カラクリピエロ

大鐘堂騎士隊員による手記 p.02


▼No.4
総統に連絡を取ったところ引き続き追従しろと命を受けたので、隊長と共に身を潜める。
明日がクロアと約束した日らしいので、炭焼き小屋へ向かうことになった。
隊長は昔からなにかとぼくの世話を焼いてくれる。
(黒く塗りつぶされているが、かろうじて“総統も”とだけ読める)

世間は書いても消せるインクを開発すべきだと思う。
きっと書類に追われる御子も喜ぶだろう。



▼No.5
御子クローシェと再会。
話途中で御子にノートを見せるように言われ、提出した。
出来事についてより細かく、感じたことをもっと書くよう指示を受ける。難しい。



御子の護衛を勤めていたクロア及び彼のパートナーであるココナと久しぶりに会話した。
彼らと一緒に来ていたルカという女性を紹介してもらう。クロアの彼女らしい。驚いた。
クロアと話すことといえば、訓練や任務に関する内容とココナについてくらいだったからだろうか。

そのルカからは大鐘堂について色々と質問を受けた。
ありのまま返答できたと思うが、ルカは少し不満そうだった。なぜだろう。

どうしてか、指がうまく動かない。
けどこれだけは、どうしても書いておきたい。

御子クローシェが倒れたときの驚きは自分でも予想外だった。たぶん、初めての感覚だと思う。
指の先が冷たくなって、胸の辺りが痛くなったような気がする。隊長に肩を叩かれてなかったらどうなっていただろう。

同時期に苦しそうにしていたココナの様子も気になる。
ぼくは彼女に嫌われているらしく、近くに寄らせてもらえなかったけれど。
来るな、という類の言葉を聞くのは慣れているつもりだったのに、何故か苦しくなった。身体の故障だろうか。
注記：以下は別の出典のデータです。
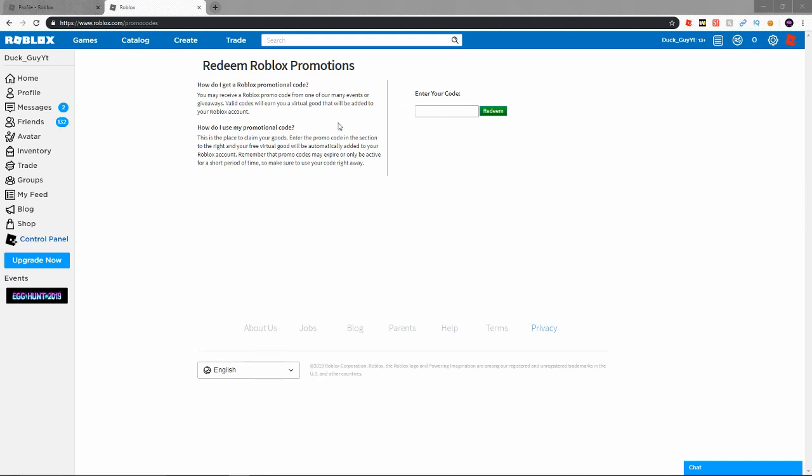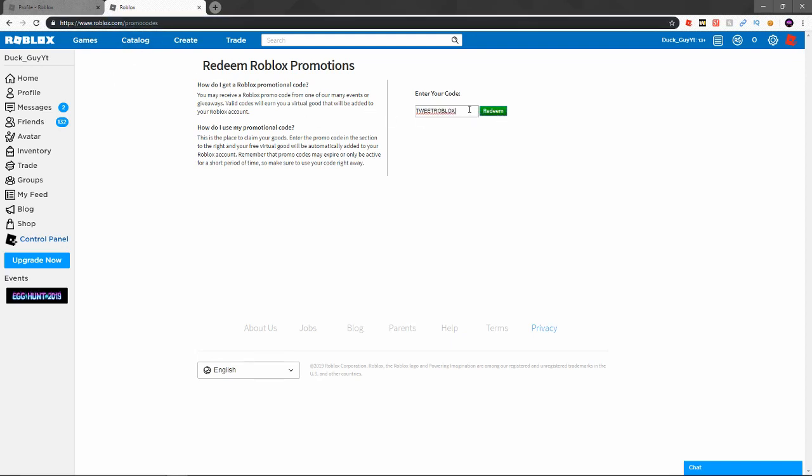Some of them are going to say I've already redeemed them because they are working. The first code we have up here, which most people know, is tweet Roblox. Just go to roblox.com/promo code redeem and you'll get this. I'll show you guys everything you get after I'm done putting them all in.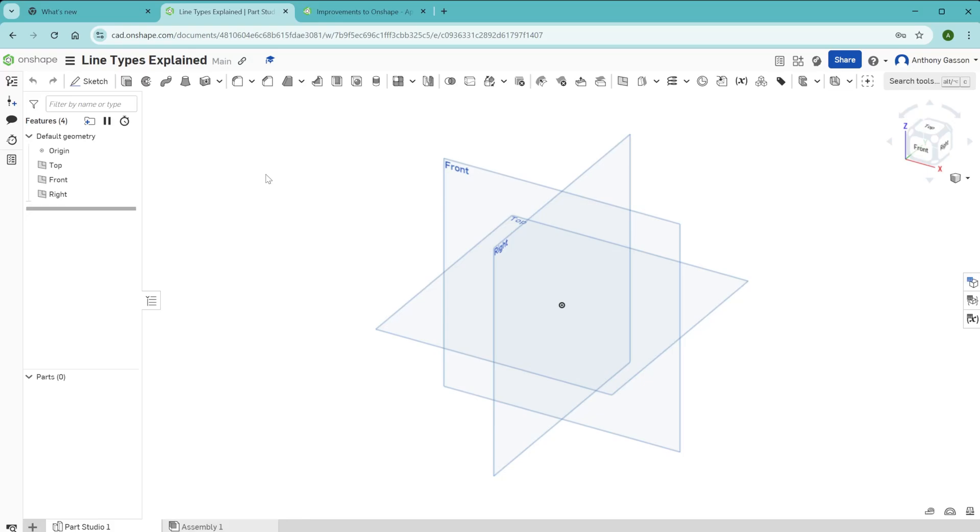In this video, I'm going to talk about different types of lines that you might see in Onshape. When you start using the sketch tool in Onshape, you're going to see a variety of different colored and types of lines.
ぼくの代わりにルカが声をかけたときは大丈夫だと言っていた。
顔色は全然大丈夫そうじゃなかった。心配だ。



▼No.6
ミント区に到着。総統に連絡を入れる。
御子クローシェなしでもなんとか立ち回っているらしいが、なるべく早く戻るように指示を受けた。

御子に総統の指示を伝えると頷いてくれたが、本当に大丈夫だろうか。



(二重線の下に“御子”と書かれている)クローシェ様…こう呼ぶのは慣れないが、そう呼べとのことなので努力する。
命令じゃないらしいけれど、違いがよくわからない。

ぼくとクローシェ様との付き合いはそれなりに長いので、彼女の考えはなんとなくわかる。
きっと“いやだ”と思っているんだろう。口に出さないのがいい証拠だ。
クローシェ様には言わなかったが、(黒く塗りつぶされている)状況で判断して動こうと思う。


ルカの家でクローシェ様に付き合って料理をした。散々だった。
一日の終わりにクローシェ様からチェックが入ることになった。しばらくは毎日つけることになりそうだ。(黒く塗りつぶされている)、努力しよう。